В тусклом полусвете капитан Памфил видел больших птиц, породу которых он не мог определить, и крылатых белок, легко перепрыгивавших и перелетавших с ветки на ветку. В этом своего рода преддверии рая все словно утрачивало свой естественный первоначальный цвет, окрашиваясь в пепельные тона ночных бабочек. Лань, заяц и лиса, вспугнутые шумом шагов нарушившего их покой человека, сохраняя различие очертаний, казались одинаково облаченными в мох, по которому они неслышно бежали.
Время от времени капитан Памфил замирал с остановившимся взглядом: гигантские рыжие грибы, прислонившись друг к другу наподобие щитов, сливались в группы, напоминая окраской и размерами лежащих львов, и он, прекрасно зная, что царь зверей не обитает в этой части своей империи, вздрагивал при виде их.
Большие ползучие растения-паразиты, которым словно не хватало воздуха, обвивались вокруг деревьев, росли вместе с ними, цепляясь за ветки, гирляндами протягиваясь с одного на другое, пока не достигали свода. Там, извиваясь, словно змеи, они раскрывали навстречу солнцу свои благоухающие пунцовые чашечки, а те, что расцвели на полдороге, бледные, болезненные, лишенные аромата, будто завидовали счастью подруг, гревшихся в сиянии дня и улыбке Господа.
К двум часам у капитана Памфила засосало под ложечкой и он вспомнил, что накануне не поужинал, а час завтрака давно прошел. Он огляделся кругом: птицы по-прежнему порхали среди деревьев, крылатые белки не переставали прыгать с ветки на ветку, как будто проделали весь путь вместе с ним; но у него не было ни ружья, ни сарбакана, чтобы охотиться на них. Он попробовал бросить в них несколько камней, но вскоре понял, что от этих упражнений его аппетит разыграется, но они не помогут ему утолить голод. Поэтому он решил найти какую-нибудь растительную пищу. На этот раз ему повезло больше: после недолгих, но тщательных поисков, затрудняемых полумраком, он нашел два или три корня вроде чуфы и несколько растений из тех, что в просторечии называются карибской капустой.
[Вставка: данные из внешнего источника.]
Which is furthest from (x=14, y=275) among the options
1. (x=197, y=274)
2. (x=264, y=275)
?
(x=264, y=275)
Этого было довольно, чтобы заморить червячка; но капитан Памфил, человек предусмотрительный, подумал о том, что, едва утолив голод, он почувствует жажду; поэтому он решил отправиться на поиски ручейка, как перед тем разыскивал коренья. К несчастью, найти его было труднее.
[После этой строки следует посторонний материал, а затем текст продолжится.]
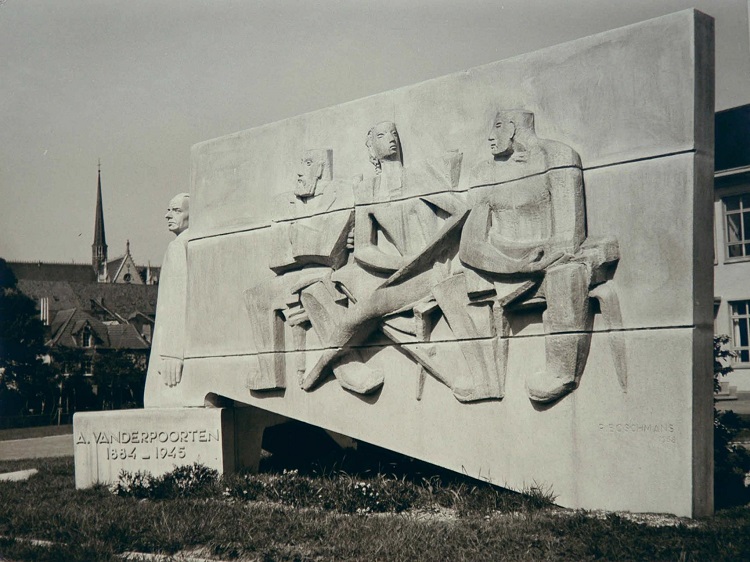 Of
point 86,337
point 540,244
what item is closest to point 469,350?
point 540,244

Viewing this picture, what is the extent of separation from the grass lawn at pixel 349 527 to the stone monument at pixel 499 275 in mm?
463

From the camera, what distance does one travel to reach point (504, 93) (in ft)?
29.3

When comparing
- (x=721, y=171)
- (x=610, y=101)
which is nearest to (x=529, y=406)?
(x=610, y=101)

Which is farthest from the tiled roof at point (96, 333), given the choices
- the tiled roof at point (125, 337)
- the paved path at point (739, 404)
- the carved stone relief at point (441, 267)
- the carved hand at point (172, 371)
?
the carved stone relief at point (441, 267)

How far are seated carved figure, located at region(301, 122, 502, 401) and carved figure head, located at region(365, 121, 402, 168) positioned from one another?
0.4 inches

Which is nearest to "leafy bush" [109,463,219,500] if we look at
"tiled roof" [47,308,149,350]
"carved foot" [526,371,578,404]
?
"carved foot" [526,371,578,404]

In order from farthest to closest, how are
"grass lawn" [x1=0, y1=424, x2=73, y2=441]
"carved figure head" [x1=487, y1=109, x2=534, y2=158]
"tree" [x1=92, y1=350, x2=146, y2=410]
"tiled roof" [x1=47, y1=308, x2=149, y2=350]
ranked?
"tiled roof" [x1=47, y1=308, x2=149, y2=350]
"tree" [x1=92, y1=350, x2=146, y2=410]
"grass lawn" [x1=0, y1=424, x2=73, y2=441]
"carved figure head" [x1=487, y1=109, x2=534, y2=158]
Он внимательно прислушался, но до него не донеслось никакого журчания; он втянул воздух, стараясь уловить хотя бы слабые испарения, но под этим гигантским куполом не было ни малейшего дуновения, воздух был тяжелым и густым: животные и принужденные стелиться по земле растения дышали им с трудом — казалось, в нем трудно было выжить.
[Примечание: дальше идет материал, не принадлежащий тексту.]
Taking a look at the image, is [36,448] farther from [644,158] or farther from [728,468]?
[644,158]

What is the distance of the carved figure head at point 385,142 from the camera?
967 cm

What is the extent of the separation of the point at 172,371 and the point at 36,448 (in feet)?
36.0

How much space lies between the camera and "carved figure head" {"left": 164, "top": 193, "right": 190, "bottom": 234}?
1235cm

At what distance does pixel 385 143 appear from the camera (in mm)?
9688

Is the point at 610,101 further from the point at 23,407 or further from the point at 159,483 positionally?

Однако капитан Памфил нашел выход: он подобрал острый камень и, вместо того чтобы продолжать бесполезные поиски, стал переходить от дерева к дереву, пристально изучая каждый ствол; наконец он как будто нашел то, что искал, — великолепный клен, молодой, гладкий и крепкий. Обхватив ствол левой рукой, правой он пробил кору острым камнем. Тотчас из раны брызнуло несколько капель драгоценной крови растения, из которой канадцы делают сахар лучше тростникового. Удовлетворенный результатом опыта, капитан спокойно уселся у подножия своей жертвы и начал завтракать. Покончив с этим, он припал пересохшим ртом к ране, откуда, словно из родника, бил сок, и снова отправился в дорогу — свежий, бодрый и крепкий как никогда.
К пяти часам вечера капитану показалось, что в потемках забрезжил свет. Ускорив шаг, он вышел на край леса, подобного Дантову, — этот лес как будто не принадлежал ни жизни, ни смерти, но какой-то промежуточной, безымянной власти. И тогда ему почудилось, что он погружается в океан света; он бросился в его волны, позолоченные лучами заходящего солнца, подобно пловцу, который долгое время пробыл на дне моря, зацепившись за ветку коралла или будучи схвачен полипом, а теперь освободился от смертоносной помехи, поднимается на поверхность воды и дышит.
Он добрался до одной из тех обширных степей, что лежат озерами зелени и света среди бескрайних лесов нового континента; по другую сторону ее снова тянулась темная, глухая стена деревьев, над которой прихотливо изгибались в последних лучах солнца снежные вершины гор, извилистой цепью разделяющих весь полуостров.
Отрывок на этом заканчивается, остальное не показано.